Eine kleine Lebensgeschichte aus Bács-Kiskun – ein alter Herr erzählt…

Bernd-Rüdiger Buttgereit aus Soltvadkert und bald Tanyabewohner in Matkópuszta

Ja, er hat zwei Wohnorte: einen „provisorischen“ im Soltvadkerter Stadtzentrum, und einen Bauernhof, den er selbst rekonstruiert und neu baut. Alles mit 77 Jahren! Wir haben ihn nach seiner Geschichte gefragt.

Ja, ich bin im November 1943 in Ostpreußen geboren, beginnt er mit seiner Lebensgeschichte. Die Front war damals noch außerhalb der ostpreußischen Grenze. Die Leute hatten aber Angst, natürlich. Wie meine Eltern erzählten, bei uns gab einen Gauleiter, namens Koch. Er hat der Bevölkerung strengstens verboten, das Land zu verlassen. „Das hätte die Soldaten demoralisiert“. Viele sind dann aber einfach abgehauen.

  • Und ihre Familie?

Wir waren keine Flüchtlinge, sondern Vertriebene. Als die Russen einmarschiert sind, sagten sie uns: ihr verschwindet sofort oder wir deportieren euch. Das wollte aber keiner. Mit dem Zug wurden wir dann nach Deutschland gebracht.

  • Was erfuhren Sie aus der Familie über diese schweren Jahre?

Meine Mutter hat nie darüber gesprochen, das war für sie immer ein Tabu Thema. Interessant, ich war 45 Jahre alt, als sie starb, aber in der ganzen Zeit war das so gut wie kein Thema. Auch nicht in meinen Jugendjahren!

Also, Ostpreußen haben wir im Zeitraum Dezember 1944 – Januar 1945 verlassen. Wir waren dauernd unterwegs. Von Notwohnung zu Notwohnung.

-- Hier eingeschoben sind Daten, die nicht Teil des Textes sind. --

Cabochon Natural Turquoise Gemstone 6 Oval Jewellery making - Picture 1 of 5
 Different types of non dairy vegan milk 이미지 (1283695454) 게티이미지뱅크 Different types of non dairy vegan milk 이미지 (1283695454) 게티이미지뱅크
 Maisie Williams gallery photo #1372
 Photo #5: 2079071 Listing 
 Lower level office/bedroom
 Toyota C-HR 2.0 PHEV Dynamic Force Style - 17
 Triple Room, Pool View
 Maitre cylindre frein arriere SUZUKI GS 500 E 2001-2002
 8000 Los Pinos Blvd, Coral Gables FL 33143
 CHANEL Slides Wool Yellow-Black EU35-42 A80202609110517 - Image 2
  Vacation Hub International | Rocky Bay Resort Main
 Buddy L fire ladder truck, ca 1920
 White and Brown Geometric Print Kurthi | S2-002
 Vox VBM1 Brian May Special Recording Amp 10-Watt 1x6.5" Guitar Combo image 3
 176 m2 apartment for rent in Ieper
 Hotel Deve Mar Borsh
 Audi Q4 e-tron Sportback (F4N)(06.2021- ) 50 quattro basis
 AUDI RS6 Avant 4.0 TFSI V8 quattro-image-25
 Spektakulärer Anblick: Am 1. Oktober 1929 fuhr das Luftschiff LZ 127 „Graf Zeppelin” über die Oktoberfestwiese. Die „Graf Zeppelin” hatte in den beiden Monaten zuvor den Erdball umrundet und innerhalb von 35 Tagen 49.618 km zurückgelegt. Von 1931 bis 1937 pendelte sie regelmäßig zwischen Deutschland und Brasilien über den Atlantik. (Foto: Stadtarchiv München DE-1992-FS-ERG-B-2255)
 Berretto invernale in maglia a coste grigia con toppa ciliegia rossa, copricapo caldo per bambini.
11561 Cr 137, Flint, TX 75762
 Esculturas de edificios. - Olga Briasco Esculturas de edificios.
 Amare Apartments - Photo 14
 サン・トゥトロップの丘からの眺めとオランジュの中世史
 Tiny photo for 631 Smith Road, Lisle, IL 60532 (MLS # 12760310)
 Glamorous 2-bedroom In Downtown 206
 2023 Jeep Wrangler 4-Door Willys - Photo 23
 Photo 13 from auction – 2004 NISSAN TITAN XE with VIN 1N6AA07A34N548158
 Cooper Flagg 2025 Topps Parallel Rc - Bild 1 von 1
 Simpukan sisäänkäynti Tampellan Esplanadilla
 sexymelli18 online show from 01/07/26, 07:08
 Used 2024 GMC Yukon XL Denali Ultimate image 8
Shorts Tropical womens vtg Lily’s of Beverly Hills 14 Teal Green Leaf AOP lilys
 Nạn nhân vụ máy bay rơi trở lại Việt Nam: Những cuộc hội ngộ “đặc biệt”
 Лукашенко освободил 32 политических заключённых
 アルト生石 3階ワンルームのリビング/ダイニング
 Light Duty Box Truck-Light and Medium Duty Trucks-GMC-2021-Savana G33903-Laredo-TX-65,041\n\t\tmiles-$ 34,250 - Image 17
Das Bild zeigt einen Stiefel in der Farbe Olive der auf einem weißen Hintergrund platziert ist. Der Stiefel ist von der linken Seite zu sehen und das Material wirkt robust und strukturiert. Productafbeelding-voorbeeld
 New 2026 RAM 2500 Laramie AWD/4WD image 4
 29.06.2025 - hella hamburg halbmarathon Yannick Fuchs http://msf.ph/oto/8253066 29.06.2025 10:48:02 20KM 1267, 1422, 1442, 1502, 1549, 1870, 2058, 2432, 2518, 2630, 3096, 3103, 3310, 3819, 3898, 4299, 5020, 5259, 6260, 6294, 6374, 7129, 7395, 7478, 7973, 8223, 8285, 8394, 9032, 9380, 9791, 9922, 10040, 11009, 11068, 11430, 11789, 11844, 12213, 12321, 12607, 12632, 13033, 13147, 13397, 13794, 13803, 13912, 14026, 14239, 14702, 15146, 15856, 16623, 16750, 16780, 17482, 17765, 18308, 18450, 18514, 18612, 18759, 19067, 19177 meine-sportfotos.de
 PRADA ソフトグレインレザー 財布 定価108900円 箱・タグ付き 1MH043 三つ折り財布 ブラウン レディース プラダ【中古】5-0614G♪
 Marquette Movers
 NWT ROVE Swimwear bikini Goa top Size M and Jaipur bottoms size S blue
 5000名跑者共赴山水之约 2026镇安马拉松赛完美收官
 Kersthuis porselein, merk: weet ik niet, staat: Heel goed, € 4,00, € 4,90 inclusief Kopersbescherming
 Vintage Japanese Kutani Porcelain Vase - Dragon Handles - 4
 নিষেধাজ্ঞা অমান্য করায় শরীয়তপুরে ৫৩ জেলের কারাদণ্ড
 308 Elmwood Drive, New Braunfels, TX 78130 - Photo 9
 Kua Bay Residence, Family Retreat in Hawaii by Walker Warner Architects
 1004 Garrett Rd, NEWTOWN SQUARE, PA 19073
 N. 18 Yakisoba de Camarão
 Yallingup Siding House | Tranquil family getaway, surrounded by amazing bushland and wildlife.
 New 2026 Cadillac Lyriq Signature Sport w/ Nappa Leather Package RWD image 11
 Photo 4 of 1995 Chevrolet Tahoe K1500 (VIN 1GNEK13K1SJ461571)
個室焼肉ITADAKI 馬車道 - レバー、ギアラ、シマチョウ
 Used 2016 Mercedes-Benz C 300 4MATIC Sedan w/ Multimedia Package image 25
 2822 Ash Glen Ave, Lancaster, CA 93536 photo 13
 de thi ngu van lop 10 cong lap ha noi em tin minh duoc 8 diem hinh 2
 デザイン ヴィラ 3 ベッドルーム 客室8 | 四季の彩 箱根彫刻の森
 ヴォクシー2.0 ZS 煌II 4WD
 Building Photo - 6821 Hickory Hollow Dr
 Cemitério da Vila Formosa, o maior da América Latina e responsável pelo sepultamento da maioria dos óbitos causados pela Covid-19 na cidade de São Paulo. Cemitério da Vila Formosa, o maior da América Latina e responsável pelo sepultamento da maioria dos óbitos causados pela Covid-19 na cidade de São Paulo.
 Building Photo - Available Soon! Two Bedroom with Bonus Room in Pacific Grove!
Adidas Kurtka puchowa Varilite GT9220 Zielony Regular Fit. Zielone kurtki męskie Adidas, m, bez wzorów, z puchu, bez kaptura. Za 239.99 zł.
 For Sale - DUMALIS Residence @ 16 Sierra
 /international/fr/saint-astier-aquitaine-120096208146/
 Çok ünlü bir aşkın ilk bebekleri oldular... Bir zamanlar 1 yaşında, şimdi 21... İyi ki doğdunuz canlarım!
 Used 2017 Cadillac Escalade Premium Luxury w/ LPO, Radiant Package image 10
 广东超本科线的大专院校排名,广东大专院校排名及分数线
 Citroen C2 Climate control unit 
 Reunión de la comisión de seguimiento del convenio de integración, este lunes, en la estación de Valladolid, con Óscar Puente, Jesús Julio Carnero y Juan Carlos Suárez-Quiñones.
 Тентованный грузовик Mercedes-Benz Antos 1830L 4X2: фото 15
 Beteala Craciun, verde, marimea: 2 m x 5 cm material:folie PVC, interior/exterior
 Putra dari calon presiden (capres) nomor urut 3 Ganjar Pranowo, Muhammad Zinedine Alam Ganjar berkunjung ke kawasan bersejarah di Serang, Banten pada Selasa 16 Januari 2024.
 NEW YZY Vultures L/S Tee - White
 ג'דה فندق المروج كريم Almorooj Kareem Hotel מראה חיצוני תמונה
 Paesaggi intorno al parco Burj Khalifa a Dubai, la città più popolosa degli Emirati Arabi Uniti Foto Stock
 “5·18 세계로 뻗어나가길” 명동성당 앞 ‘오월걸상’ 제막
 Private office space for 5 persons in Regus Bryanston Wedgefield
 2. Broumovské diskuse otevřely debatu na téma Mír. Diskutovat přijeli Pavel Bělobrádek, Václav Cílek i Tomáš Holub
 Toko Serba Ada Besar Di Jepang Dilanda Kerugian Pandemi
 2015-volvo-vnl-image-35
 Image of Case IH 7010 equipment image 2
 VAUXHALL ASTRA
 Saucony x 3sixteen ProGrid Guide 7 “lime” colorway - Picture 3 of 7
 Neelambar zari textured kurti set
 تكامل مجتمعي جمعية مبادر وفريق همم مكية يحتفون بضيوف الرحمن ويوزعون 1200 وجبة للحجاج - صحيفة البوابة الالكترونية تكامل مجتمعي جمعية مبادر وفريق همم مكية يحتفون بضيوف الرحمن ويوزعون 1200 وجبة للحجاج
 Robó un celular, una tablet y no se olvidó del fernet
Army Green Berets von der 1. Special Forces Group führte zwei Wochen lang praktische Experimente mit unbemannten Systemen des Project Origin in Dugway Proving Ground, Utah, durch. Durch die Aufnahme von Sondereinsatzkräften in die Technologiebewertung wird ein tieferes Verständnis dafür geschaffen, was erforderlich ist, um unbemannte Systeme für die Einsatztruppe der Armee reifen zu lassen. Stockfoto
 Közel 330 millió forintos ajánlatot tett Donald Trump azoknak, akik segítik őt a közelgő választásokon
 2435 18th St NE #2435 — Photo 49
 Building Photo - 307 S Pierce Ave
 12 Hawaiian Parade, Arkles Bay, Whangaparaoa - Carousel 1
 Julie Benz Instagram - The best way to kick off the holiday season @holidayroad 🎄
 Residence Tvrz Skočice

Dann Sprung in meinem Gedächtnis: 1949 — meine ersten Erlebnisse in Westdeutschland. Man hat uns verteilt und wir landeten in Niedersachsen. Meine Schwestern gingen dort zur Schule. Auch meine beiden Tanten lebten in dem Dorf mit dem Namen „Gehrendorf“. Niemand wollte uns haben, drei Kinder.

Dann gerieten wir nach Bonn. Da war mein Vater, der ein kleines Dachzimmer hatte. Unrasiert, langer Wehrmachtsmantel, ungeheiztes Zimmer. Ein fremder Mann!

Was erfuhren wir von seinen Wehrmachtsjahren? Er diente an der italienischen Front, dort geriet er in englische Gefangenschaft, aber war nicht lange da. Mein Vater war Chemiker, Bonn war Universitätsstadt. Er bekam Arbeit in einer anderen Stadt, im Labor einer neuen chemischen Fabrik. Er lebte bis 1993.

Aber über den Krieg erzählte er auch nicht viel…

Meine Mutter erhielt die Nachricht, dass er entlassen wurde, durch das Rote Kreuz. Es war ein Stall, in dem wir dann lebten. Die Hauptsache war, dass wir LEBTEN!

Nein, ich kann die ostpreußische Mundart nicht sprechen. Es blieben nur einige Worte in meiner Erinnerung. Mädchen hieß „Marjelchen“, Junge hieß „Lorbass“

Soviel über Nachkriegsjahre!

Mein Leben läuft seit mehr als 10 Jahren in Südungarn. In Soltvadkert habe ich einen sicheren Punkt gefunden. Aber die Tanya in Matkópuszta — das wird mein letzter Lebensmittelpunkt sein! Mit dem Ausbau der Tanya erfüllt sich ein Lebenstraum. Das Beste, ich habe meinen Freund Robert gefunden, die mir mit Rat und tatkräftiger Unterstützung zur Seite steht! Danke Freunde, so macht auch das Altwerden Spaß!